Je n’imagine pas à l’horizon 2030 une réduction du nombre de Chu. Comment envisager qu’un élu d’une grande métropole abandonne un Chu alors que les maires refusent toujours de fermer les maternités de moins de 300 accouchements ? Pour autant, tout ne doit pas rester figé. Nous travaillons actuellement sur l’idée de réseau de CHU ou d’une fédération. A l’avenir, un Chu ne réalisera pas toutes les activités médicales avec son seul plateau technique. Chaque Chu disposera certes d’une plateforme de simulation pour la formation des médecins et des paramédicaux. Mais seuls quatre ou cinq Chu en France disposeront d’une plateforme de simulation en réanimation néonatale en réanimation néo-natale. Une rationalisation des dépenses est nécessaire. Les IHU montrent la voie d’un travail en commun. Un CHU ne doit plus exercer de manière isolée et en concurrence frontale avec ses voisins.

D. S. L’exportation du modèle français à l’étranger ne serait-elle pas une première marche pour fédérer les compétences ?

J.-P. D. C’est un chantier prioritaire, indispensable. Pourquoi la France serait-elle le seul pays à ne pas s’ouvrir à l’extérieur ? La prise en charge des patients étrangers est un problème à la marge.

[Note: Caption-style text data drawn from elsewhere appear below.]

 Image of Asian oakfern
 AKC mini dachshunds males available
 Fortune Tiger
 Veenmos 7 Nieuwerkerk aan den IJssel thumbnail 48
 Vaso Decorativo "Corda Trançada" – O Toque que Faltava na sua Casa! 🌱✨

L’essentiel est de vendre notre ingénierie, notre formation médicale, la qualité de gestion de nos établissements. Imaginons au hasard un appel d’offres pour organiser la biologie dans un pays africain. Aucun CHU ne peut répondre seul. En revanche, nous avons mis en place un portail qui collecte toutes les ressources disponibles à l’exception de l’AP-HP, sur une demande précise. Ce sera bien une réponse Chu-France. C’est un bon exemple de l’obligation de travailler ensemble.

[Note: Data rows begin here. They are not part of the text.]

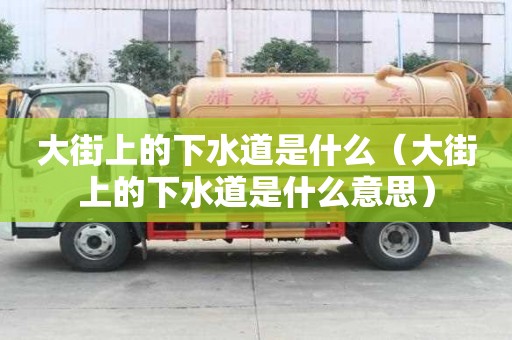大街上的下水道是什么（大街上的下水道是什么意思）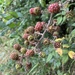 Ripening berries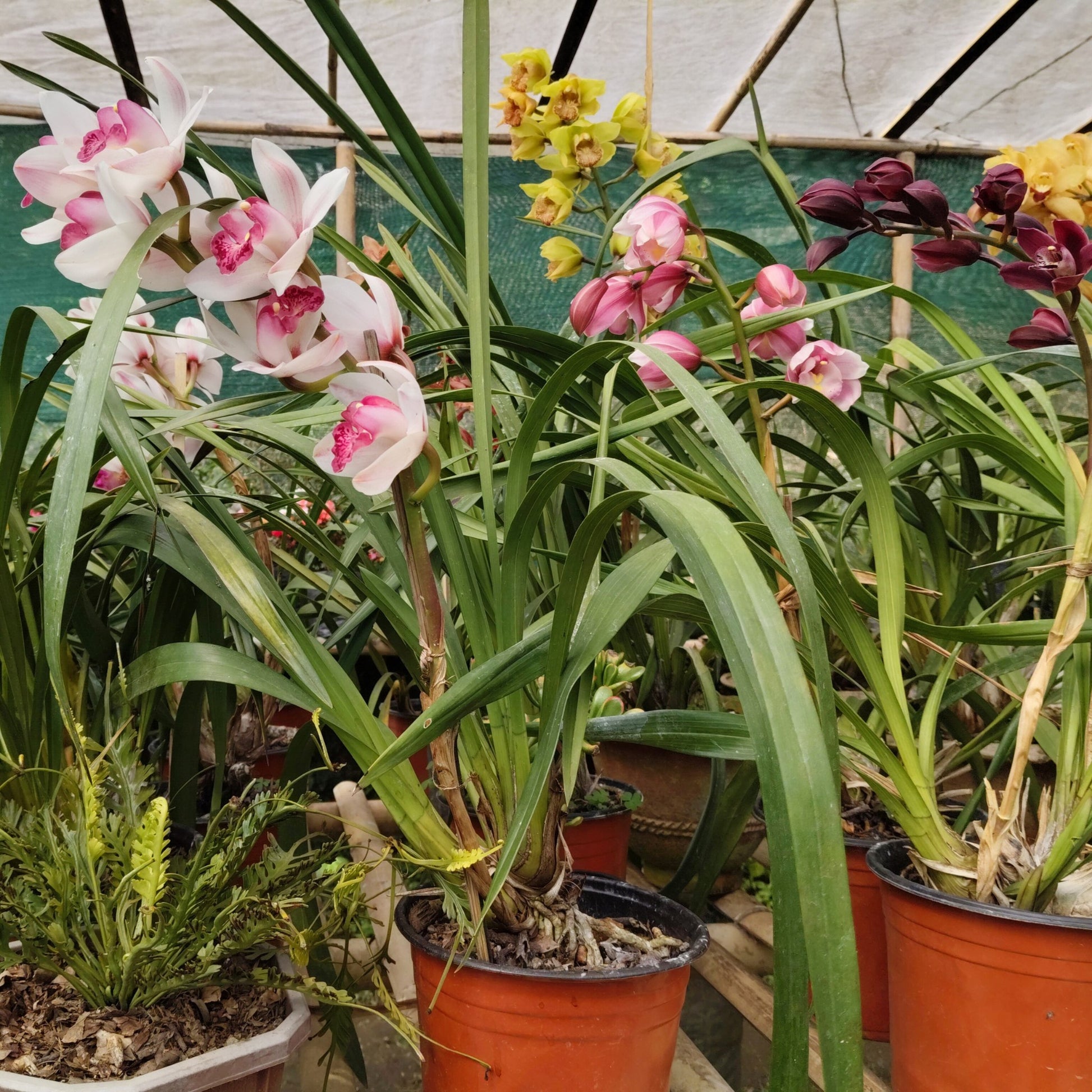 Indoor white Cymbidium orchid plant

D. S. Comment dans le même temps accueillir comme au XIXe siècle un grand nombre d’étudiants en médecine en formation dans les Chu français ?

J.-P. D. Le prestige de la médecine française à l’international est réel. En revanche, nous accueillons moins d’étudiants en provenance de l’étranger. Une mesure s’impose, à savoir la dispensation de cours en anglais et en français. Ensuite, on peut déplorer des effets de mode, du type la meilleure formation serait assurée aux Etats-Unis. Effet Trump oblige, l’Europe peut retrouver son lustre d’antan. Rien n’est perdu. En tout état de cause, un effort d’adaptation est indispensable.

D. S. Sur les 17 propositions, quelles sont celles qui seraient prioritaires ?

J-P. D. Elles méritent toutes d’être reprises. Trois chantiers sont toutefois prioritaires. En premier lieu, les nouveaux modes d’exercice des trois missions doivent être repensés. Il faut permettre à des hospitalo-universitaires de privilégier selon le moment la valence recherche ou la valence enseignement. De nouveaux statuts dans ce cadre seront envisagés. En second lieu, nous l’avons déjà évoqué, les CHU en réseau sont une priorité. Un maillage de surspécialités et de surcompétences sur l’ensemble de l’Hexagone répondra aux attentes des Français. Enfin, le label CHU attribué hors les murs distinguera les compétences des équipes exerçant dans les maisons de santé ou dans des maisons de la recherche. Seront ainsi associés les médecins libéraux et des praticiens hospitaliers.

D. S. Quel bilan dressez-vous du dernier quinquennat ?

J.-P. D. Nous avons tous reconnu le fait que l’on ne peut plus travailler seuls. C’est le point positif de ces cinq dernières années. La concurrence public-public doit être stoppée au profit d’une stratégie de groupe public-public. La prise de conscience a été lente, mais elle parvient aujourd’hui à maturité. Elle se traduit par la constitution des GHT et de la collaboration entre CHU.

En revanche, en réponse aux contraintes financières, l’innovation et la recherche ont souvent été les variables d’ajustements. Résultat, nous avons perdu en capacités d’innover. Nous proposons lors du vote de l’Ondam au Parlement une sanctuarisation des budgets de recherche dans nos établissements afin de mieux préparer l’avenir.